Kate straightened in the chair. A few soldiers guarding the parking garage glanced at her, worry clear in their expression. She twisted to see Sammy at the computer behind her.
“Was it that bad?” Kate asked.
“You were screaming,” Sammy said, twisting one of her dreadlocks. “You sure you’re okay?”
Kate massaged her temples. “I need a break. Ron, you’re right. Where’s Leslie?”
“We just sent for her,” Sammy said. She walked over and handed Kate a towel for the sweat.
“Thanks,” Kate said. She felt a little embarrassed to have her assistants treating her so gently, but she couldn’t let pride get in their way.
“I can learn how to do this too, so it’s not just Leslie and you,” Ron said.
“We’ll see.”
Footsteps soon echoed down the stairs, and Leslie appeared.
“I’m ready to go,” she said. “And I’ve got the last bits of data processing upstairs for you. Took me nearly the entire day to get it ready.”
“Give me the rundown,” Kate said.
“Figuring out what was in the grenade was relatively easy. It took me a few hours to run through the basic battery of biological agent assessments, but since we knew it was bacteria, that made it easier.”
Kate braced herself. “It isn’t a new variation of airborne VX-99, is it?”
“No, actually, it contained anthrax spores.”
“Were they genetically modified?”
“Not according to the gene sequencing.”
“There’s something else this tells us,” Kate said.
“What’s that?” Ron asked.
“Anthrax isn’t hard to grow or distribute, but before the war, existing strains in the United States were tightly guarded,” she said. “Only a few national labs had access for testing and research purposes. Maybe that’s another connection we can exploit.”
“I can compile a list of all those laboratories and institutions,” Ron said.
“This might be a long shot, but we already know that the person or people responsible for the New Gods had access to several DARPA technologies. The high concentrations of activity in those former research labs in Denver and Seattle proved that.”
“But those labs only housed parts of the research for the microelectric arrays and the neural programming technology for the webbing network.”
“Exactly. And while Seattle turned out to be a site of Chimera research, there was no sign of the Prophet there. Based on the presence of anthrax in that grenade and all the crazy biological horrors like the bats, masterminds, network, and Chimeras, we need to be focusing on labs related to biodefense.”
“We’re looking for one sick former government biologist behind all this, aren’t we?” Sammy said.
“I wouldn’t be surprised.
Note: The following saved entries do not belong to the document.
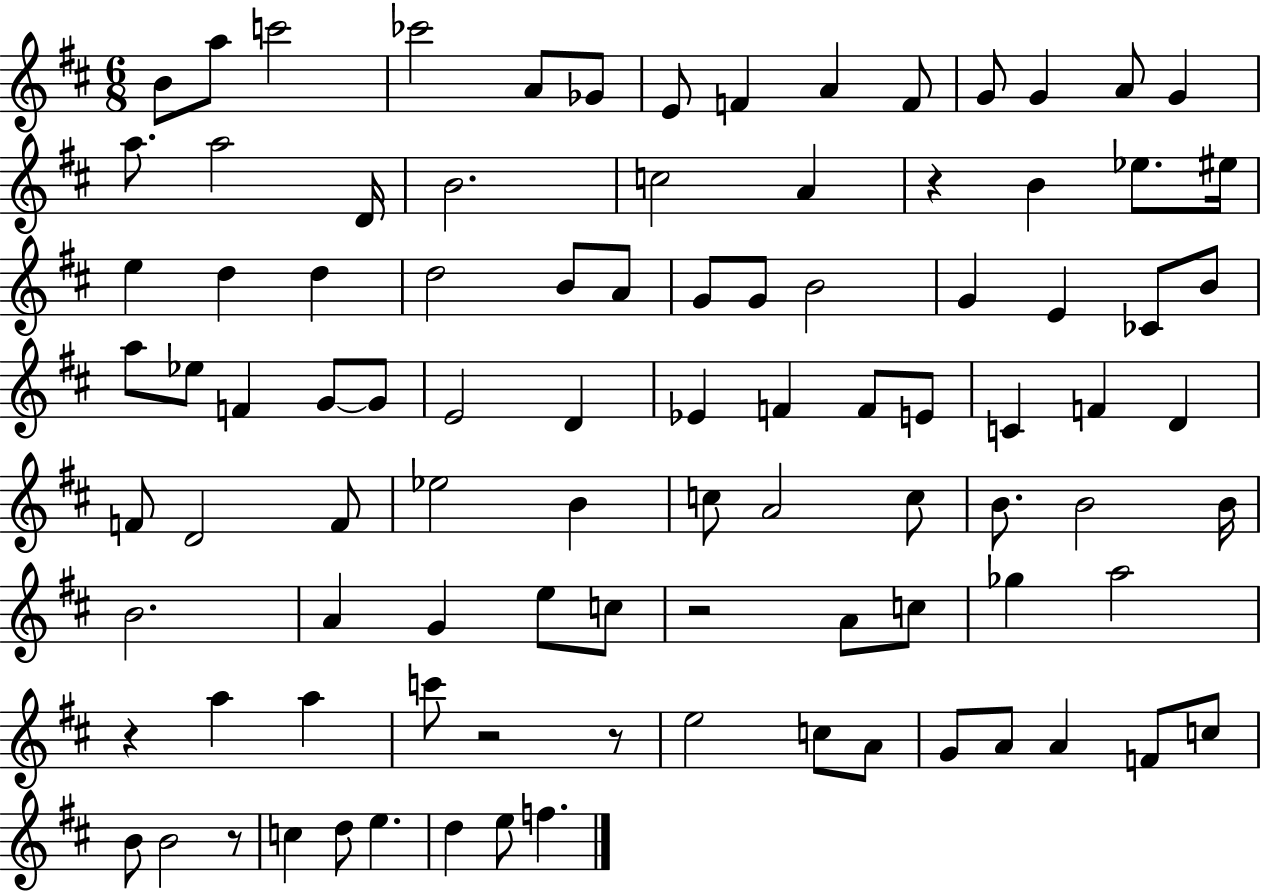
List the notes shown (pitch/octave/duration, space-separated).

B4/e A5/e C6/h CES6/h A4/e Gb4/e E4/e F4/q A4/q F4/e G4/e G4/q A4/e G4/q A5/e. A5/h D4/s B4/h. C5/h A4/q R/q B4/q Eb5/e. EIS5/s E5/q D5/q D5/q D5/h B4/e A4/e G4/e G4/e B4/h G4/q E4/q CES4/e B4/e A5/e Eb5/e F4/q G4/e G4/e E4/h D4/q Eb4/q F4/q F4/e E4/e C4/q F4/q D4/q F4/e D4/h F4/e Eb5/h B4/q C5/e A4/h C5/e B4/e. B4/h B4/s B4/h. A4/q G4/q E5/e C5/e R/h A4/e C5/e Gb5/q A5/h R/q A5/q A5/q C6/e R/h R/e E5/h C5/e A4/e G4/e A4/e A4/q F4/e C5/e B4/e B4/h R/e C5/q D5/e E5/q. D5/q E5/e F5/q.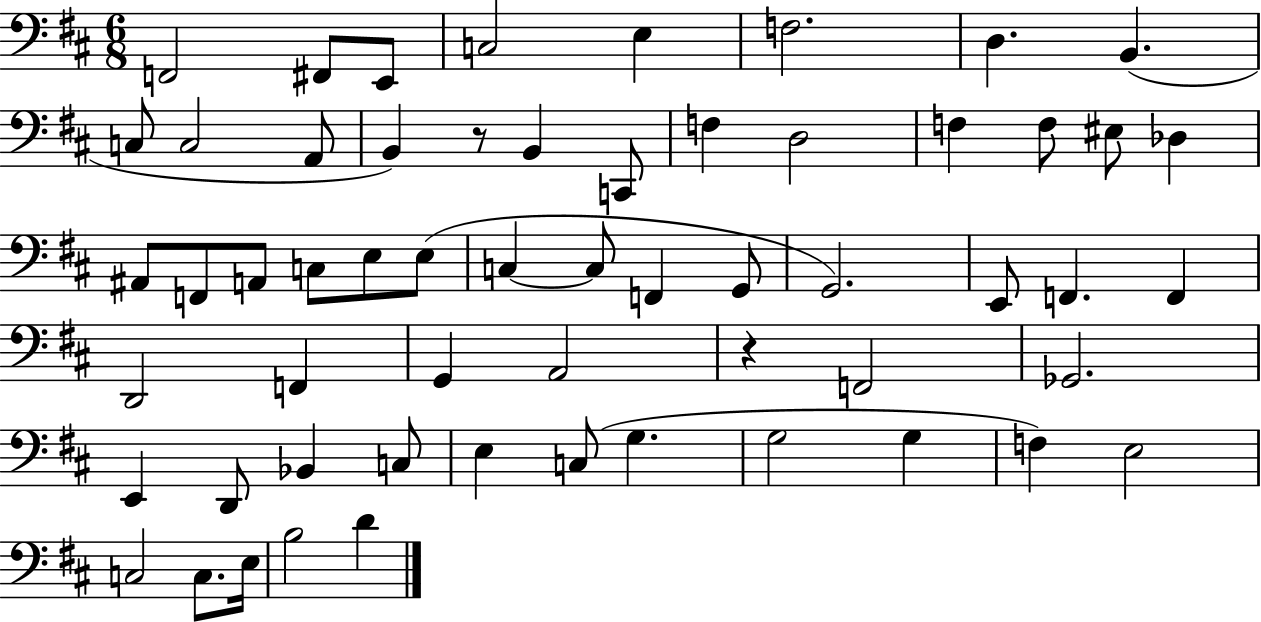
{
  \clef bass
  \numericTimeSignature
  \time 6/8
  \key d \major
  f,2 fis,8 e,8 | c2 e4 | f2. | d4. b,4.( | \break c8 c2 a,8 | b,4) r8 b,4 c,8 | f4 d2 | f4 f8 eis8 des4 | \break ais,8 f,8 a,8 c8 e8 e8( | c4~~ c8 f,4 g,8 | g,2.) | e,8 f,4. f,4 | \break d,2 f,4 | g,4 a,2 | r4 f,2 | ges,2. | \break e,4 d,8 bes,4 c8 | e4 c8( g4. | g2 g4 | f4) e2 | \break c2 c8. e16 | b2 d'4 | \bar "|."
}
It was a rogue military officer who led to the initial VX-99 outbreak, and with the number of technologies the New Gods have used, it wouldn’t surprise me to find out that some traitorous Department of Defense scientist or an entire research group is behind all this.”
“But when we found out about Denver and Seattle, how would we have missed this place when we were tracking all that communication activity over the network?” Ron asked.
Sammy answered for Kate. “Firewalls, encrypted comms. Think basic cybersecurity, except adapted for a biological network. Whoever this Prophet is, he keeps proving himself smarter than we ever anticipated. If he was previously involved in national security, the guy would know to protect his digital and physical footprint.”
“Sammy, I want you to dig a little deeper in the network with Leslie,” Kate said. “See if you can find any dark corners of the network that might be protected by these firewalls. We need to redouble our search efforts.”
“I’ll get started now,” Sammy said.
Kate turned to Leslie. “How about the biopsied Chimera tissues?”
“The last of the chromatography and PCR runs were just finishing when I came down.